# How to solve this integral? (something to do with a beta distribution?)

## Summary:

Solving the integral (in Maple notation): Int(exp(c*ln(y)/a+c*M*ln(M-y)/a), y = 0 .. M);

## Main Question or Discussion Point

I have the following integral (in Maple notation):

Int(exp(c*ln(y)/a+c*M*ln(M-y)/a), y = 0 .. M);

with (in Maple notation):

0<a, 0<a, 0<c, 0<c, 0<y, y<M, 0<M.

What is the solution of this integral? I suspect that the solution has something to do with a beta distribution.

pasmith
Homework Helper
Simplifying the integrand and substituting $y = Mt$ yields $$\int_0^M \exp\left( c_0 \frac{\ln(y)}{a_0} + c_1 M \frac{\ln(M - y)}{a_1} \right)\,dy$$
$$= \int_0^M y^{c_0/a_0}(M - y)^{Mc_1/a_1}\,dy = M^{(c_0/a_0) + (Mc_1/a_1) + 1} \int_0^1 t^{c_0/a_0} (1 - t)^{c_1/a_1}\,dt$$ which is indeed a beta function.

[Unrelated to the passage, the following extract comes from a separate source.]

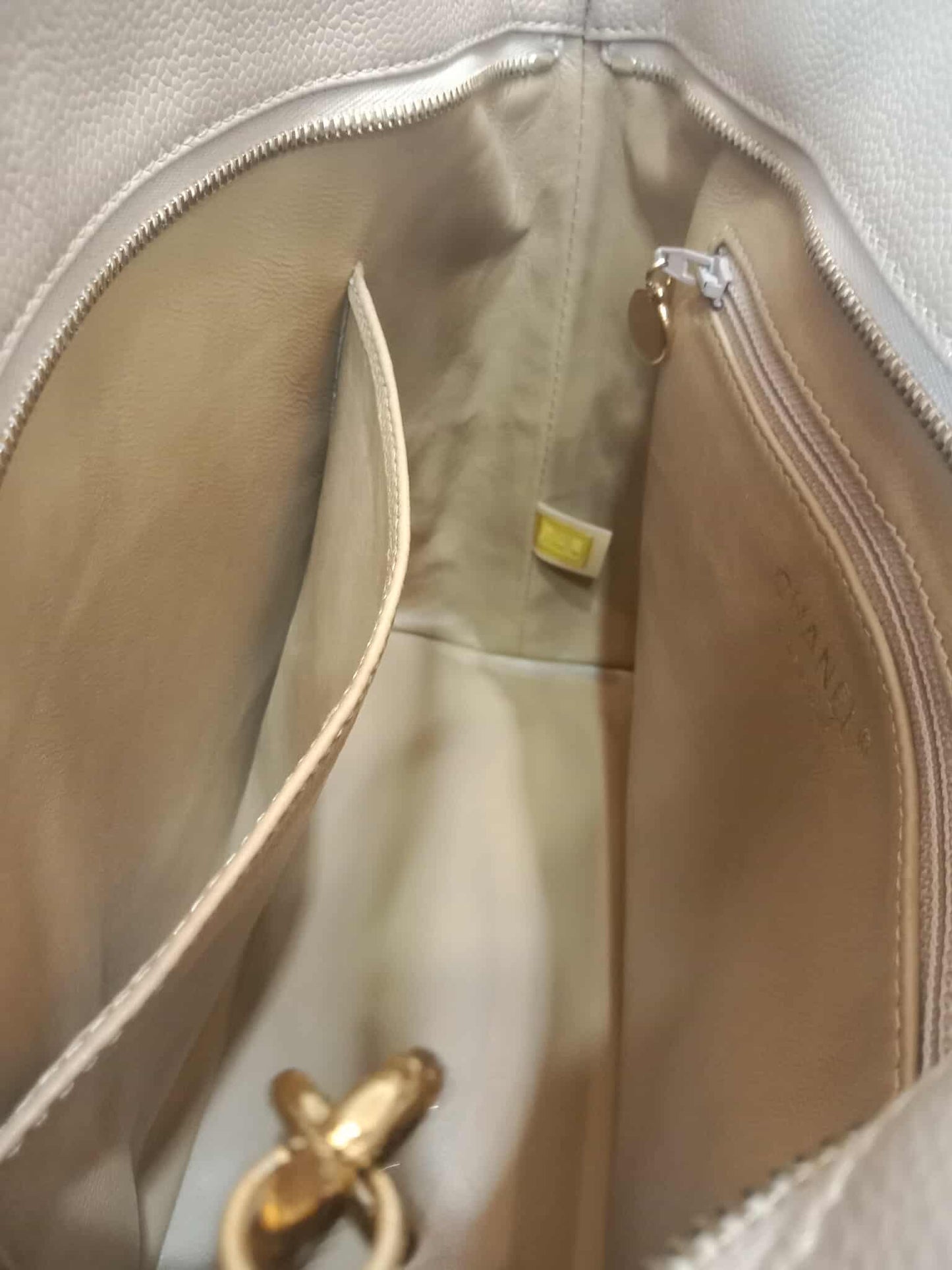 Chanel Medallion Beige Caviar Series 11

Last edited by a moderator:
Thank you very much. You were of great help.

• berkeman
If I enter the values ##a_{1}\, = \, 0.7##, ##a_{0}\, = \, 0.4##, ##c_{1}\, = \, 0.9##, ##c_{0}\, = \, 0.5## and ##M\, = \,7## in
$$\int_{0}^{M}\!{y}^{{\frac {c_{0}}{a_{0}}}} \left( M-y \right) ^{{\frac {Mc_{1}}{a_{1}}}}\,{\rm d}y$$
I get ## 17939559.61##. If I enter the same values in
$${M}^{{\frac {c_{0}}{a_{0}}}+{\frac {Mc_{1}}{a_{1}}}+1}\int_{0}^{1}\! \left( 1-x \right) ^{{\frac {c_{1}}{a_{1}}}}{x}^{{\frac {c_{0}}{a_{0}}}}\,{\rm d}x$$
I get ##344821202.1##.

pasmith
Homework Helper
That should be $$\int_0^M y^{c_0/a_0}(M - y)^{Mc_1/a_1}\,dy = M^{(c_0/a_0) + (Mc_1/a_1) + 1} \int_0^1 t^{c_0/a_0} (1 - t)^{Mc_1/a_1}\,dt$$

Again thank you very much. Sorry for my mistake.